Dan pertanyaan terakhir dari mahasiswa Unindra mengenai kasus bom bunuh diri mengatasnamakan agama?. Dengan tegas KH. Ma’arif, MA menjawab, hal tersebut jelas adalah kesalahan.
“Kalau ada orang yang melakukan bom bunuh diri yang mengatasnamakan agama, sudah pasti tidak benar. Karena tidak ada agama yang mengajarkan bom bunuh diri dan mencelakakan orang. Itu terjadi kesalahpahaman dalam menafsirkan ajaran agamanya. Ini sudah pasti tidak benar,” tegasnya.
Demikian juga dengan Fransiskus Dwikoco, yang menyebut hal tersebut pasti tindakan oknum.
“Orang seperti inilah yang salah, ini adalah oknum. Ini yang salah pasti orangnya bukan ajaran agamanya,” sebutnya.
Pdt. Hosea Sudarna, S.th juga menyatakan bahwa, ini sudah pasti tidak benar.
”Ini memang perlu ditolong, perlu diluruskan pemahamannya. Hidup ini kan bukan kita yang punya, tuhan yang memberikan kehidupan. Jelas ini adalah salah. Dimana letaknya mengasihi diri sendiri,” pungkasnya.
I Ketut Wartika mengatakan agama itu tidak perlu dimoderasikan, karena agama sudah moderat. Yang perlu di moderasi cara kita melaksanakan agama itu sendiri.
“Kita ini negara besar, sumber alam kita banyak, hanya kemampuan kita yang belum maksimal. Kita harus hati-hati, banyak negara yang mengincar kita dengan cara memecah belah kita. Ini yang harus kita sadari. Persatuan kita mau dihancurkan. Kita harus menjaga NKRI” pesan I Ketut Wartika.

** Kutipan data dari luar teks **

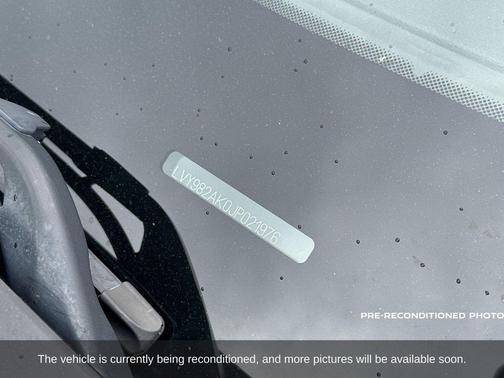 2018 Volvo S90 T5 Momentum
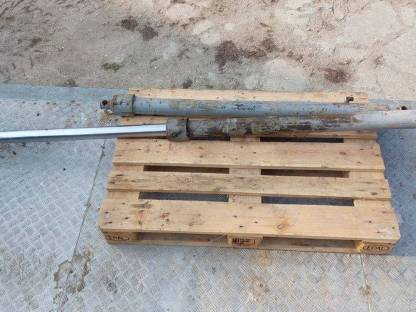 Bild 2:Frontladerzylinder für Schlüter Traktor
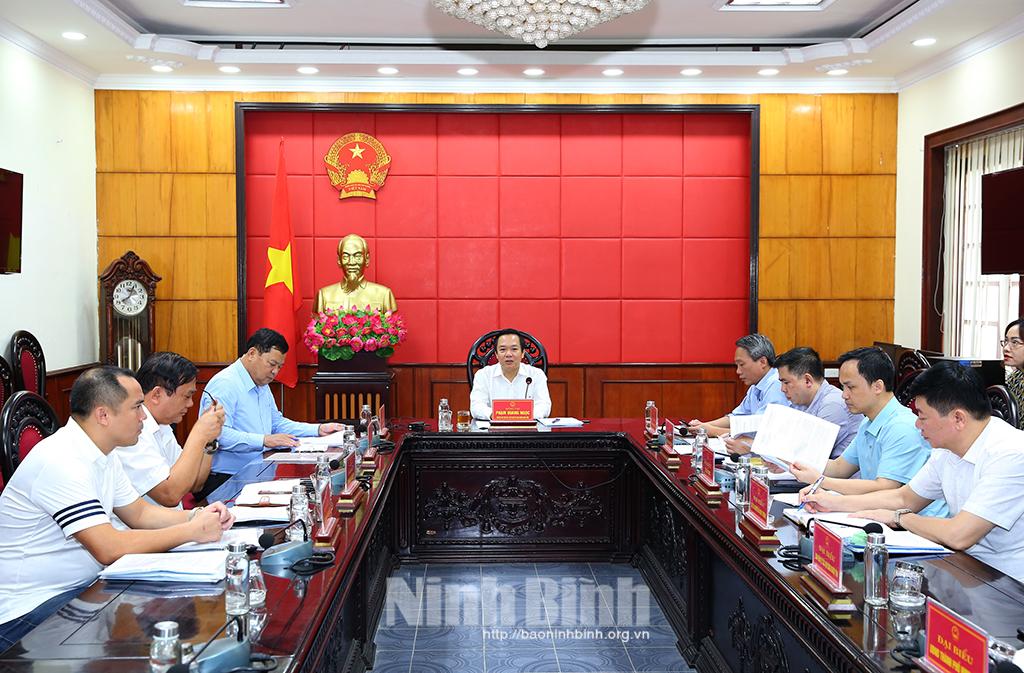 Đồng chí Chủ tịch UBND tỉnh tiếp xúc, xem xét giải quyết kiến nghị của doanh nghiệp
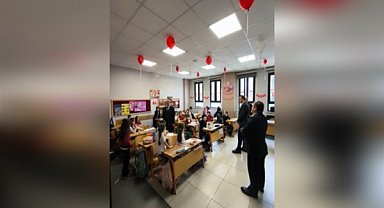 Vali Aktaş’tan İzmit 23 Nisan İlkokulu’na ziyaret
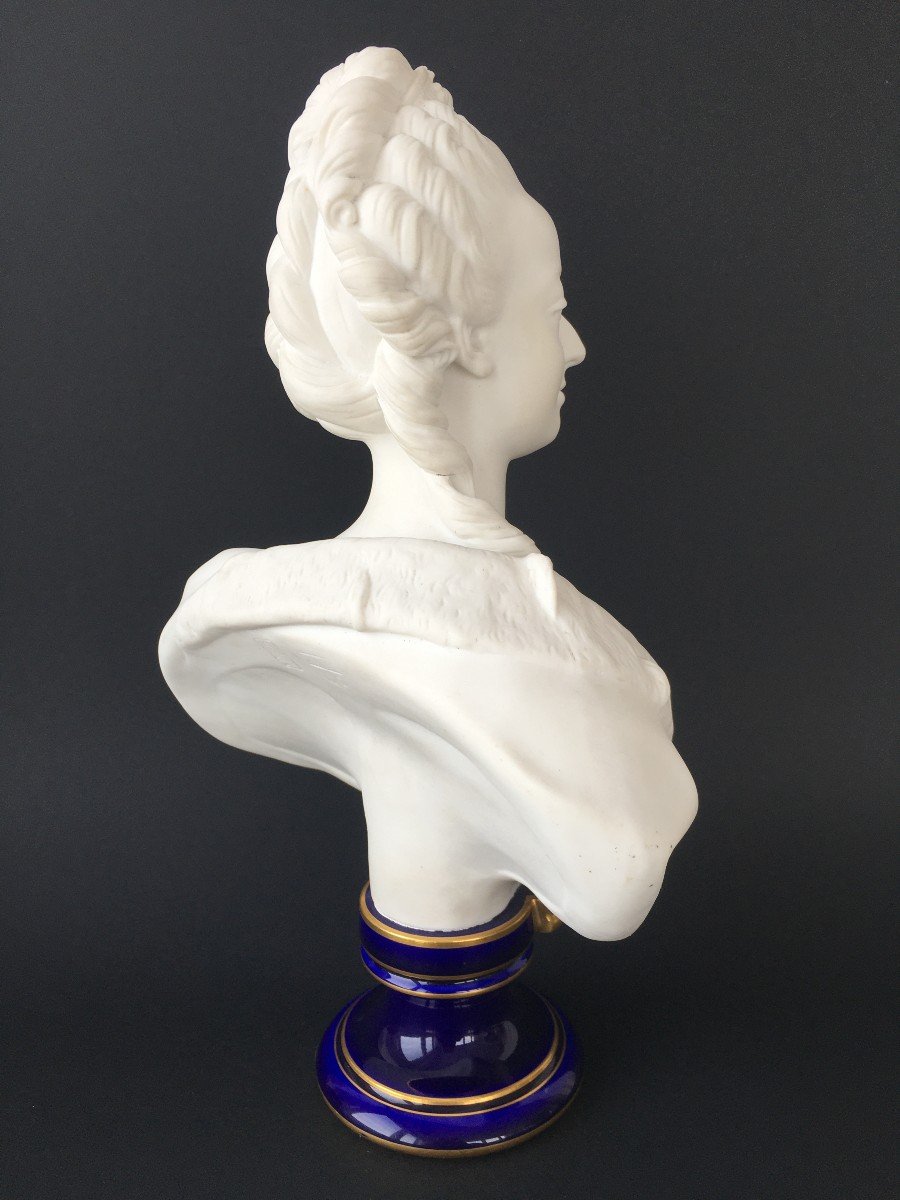 Bust Of Marie Antoinette In Porcelain And Biscuit Manufacture Nationale De Sèvres-photo-2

Dan terakhir, Alvin Septian Virdya menjelaskan bahwa semua agama itu mengajarkan hal hal yang baik. Tapi kalau pikiran kita tersesat, maka bisa berbuat sesuatu yang salah.
“Maka seorang kungchu selalu damai dalam menerima firman, sedangkan orang yang rendah budi melakukan perbuatan sesat untuk memuaskan nafsunya sendiri. Bisa dibilang orang yang melakukan bom bunuh diri, adalah egois dan merugikan orang lain, Sebagai orang beragama, kita harus bisa menerima firman. Tapi bukan untuk memuaskan ego sendiri,” pungkasnya. [***]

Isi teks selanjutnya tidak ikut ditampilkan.